Cattle are not only objectively cute, they can also help with invasive species issues. These cattle had just been put into a pasture with an abundance of smooth brome (Bromus inermis), an invasive grass. They’ll graze it hard for a brief period of time and then be moved out to allow other plants to take over some of the territory released by the weakened brome plants.


Real World Example:

At my family prairie, we use cattle grazing for multiple purposes.  Our overall approach is the open gate rotational system, which creates really nice habitat heterogeneity and plant diversity.  However, I also tweak the open gate approach a little to particularly target smooth brome and sweet clover – two invasive plants.  The adjustments vary each year, based on what I see, but here’s what I did this year. 

When the cattle first came to the pasture in late April, rather than installing them in the first pasture of the open gate rotation, we instead had them spend about a week in each of the other three pastures first.  That allowed the cattle to grub down both the smooth brome and sweet clover, which were among their favorite plants at that time of year.  Once that quick rotation was done, we put them into the initial pasture of the open gate system.  By the end of the year, the cattle had access to three out of the four pastures, so they were hitting the sweet clover hard there, and any smooth brome that started to green up as well (not much this year, given how dry the late summer and fall were). 
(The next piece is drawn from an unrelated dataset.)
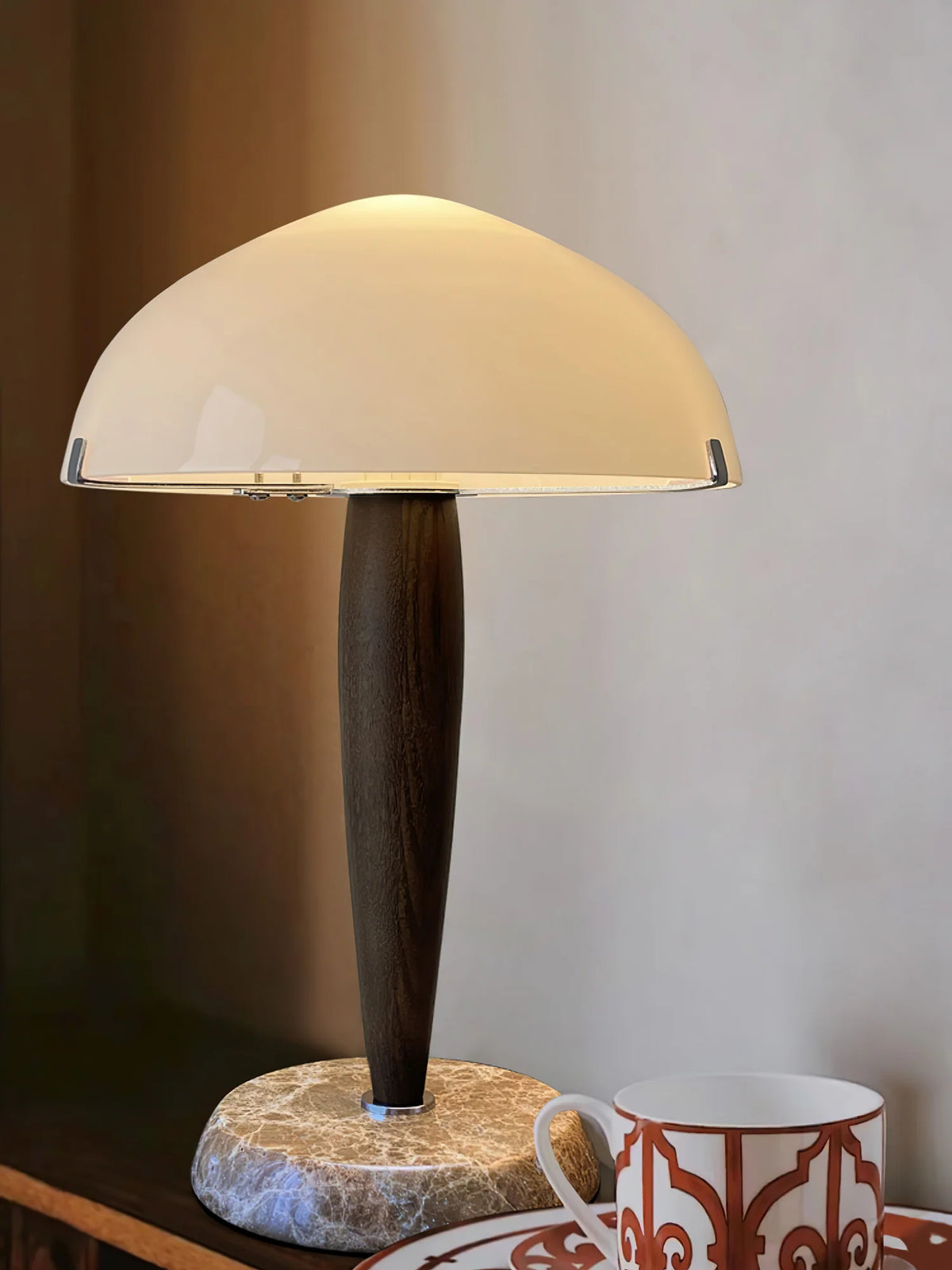 Milky Glass Table Lamp 10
In mid-October, when it was about time to pull the cattle out, I noticed that the fourth pasture (ungrazed except for the brief period in the spring) had a lot of big first-year sweet clover plants.  In order to knock back the vigor of those plants, and because I knew the cattle would see those big leafy legumes as a treat, I asked the lessee to put the cattle in that pasture for the last week of the season before pulling them out.  During that week, they hit the sweet clover hard, and nipped the tops off some other late-season plants.  However, the cattle were in for a short-enough period of time that they didn’t stomp down the tall vegetation structure, which will be good winter cover for wildlife. 

Sweet clover doesn’t seem to be a major invasive threat in this part of the state, but smooth brome certainly is.  In most years, their growth period and attractiveness to cattle are similar enough that I can lump them together when thinking about strategies.  Over the years, using cattle to particularly target those two species, while also focusing on the broader shifting habitat mosaic seems to make a winning combination.
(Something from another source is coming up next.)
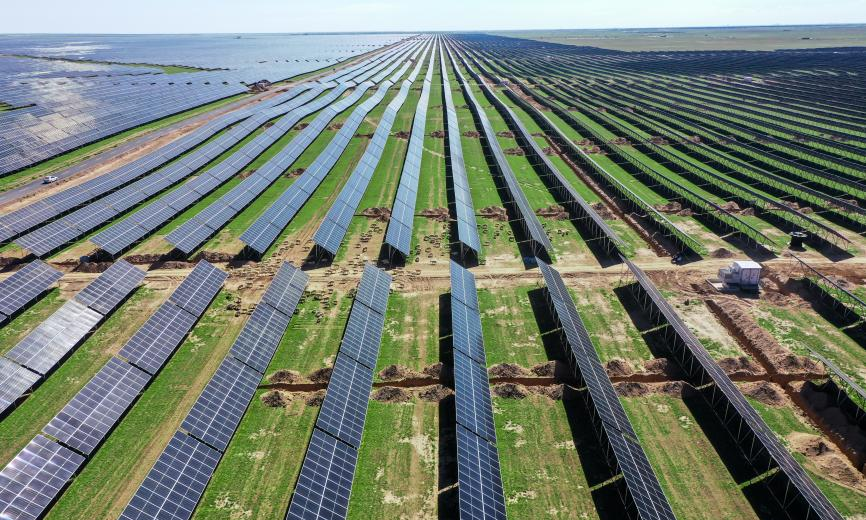 國家能源集團國電電力蒙西藍海光伏電站（蒙西鄂爾多斯采煤沉陷區300萬千瓦光伏基地項目）是國家第二批以沙漠、戈壁、荒漠地區為重點的大型風電光伏基地項目之一，是國家“西電東送、西部開發”內蒙古鄂爾多斯上海廟至山東臨沂±800千伏特高壓直流輸電工程重點配套項目，按照“火光打捆，一體送出”思路送至山東消納。項目全容量并網投產后，預計年發電量達57億千瓦時，可滿足200萬戶居民一年的生活用電。按照火電標準煤耗計算，每年可節約標煤171萬噸、減排二氧化碳約470萬噸，相當于植樹6.27萬公頃。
At our family prairie, cattle help us create a wide range of habitat structure types, but also help suppress invasive plants. Oh, and by the way, the income from the grazing lease helps pay off the mortgage and cover property taxes.

Design and Adapt Your Own Strategy:

Every prairie has its own unique challenges.  Grazing isn’t appropriate for every prairie, and if it is used, the approach needs to be specifically tailored to your site and objectives, and then adapted frequently as you watch and learn.  While there are lessons you can learn by talking to others, the way individual cattle respond to a particular plants at an individual site is hard to completely predict – and it tends to change year to year.  After all, you’re dealing with a bunch of sentient creatures that make their own decisions about what they want to eat, where they want to eat it, and where they want to poop, rest, and stomp around.

Because of the variability and somewhat unpredictability of grazing, it’s critically important not to be overly rigid in your expectations.  Remember that you can – and should – always adjust the next year’s grazing or other management based on what happened the previous year.  If you felt like the prairie was grazed harder than you wanted it to be, reduce the stocking rate the following year, or otherwise find ways to allow the site to recover.  Prairies are incredibly resilient and there is almost no way to completely screw up a prairie with a single year’s worth of grazing.  Be experimental, observant, and adaptable, and you’ll be just fine.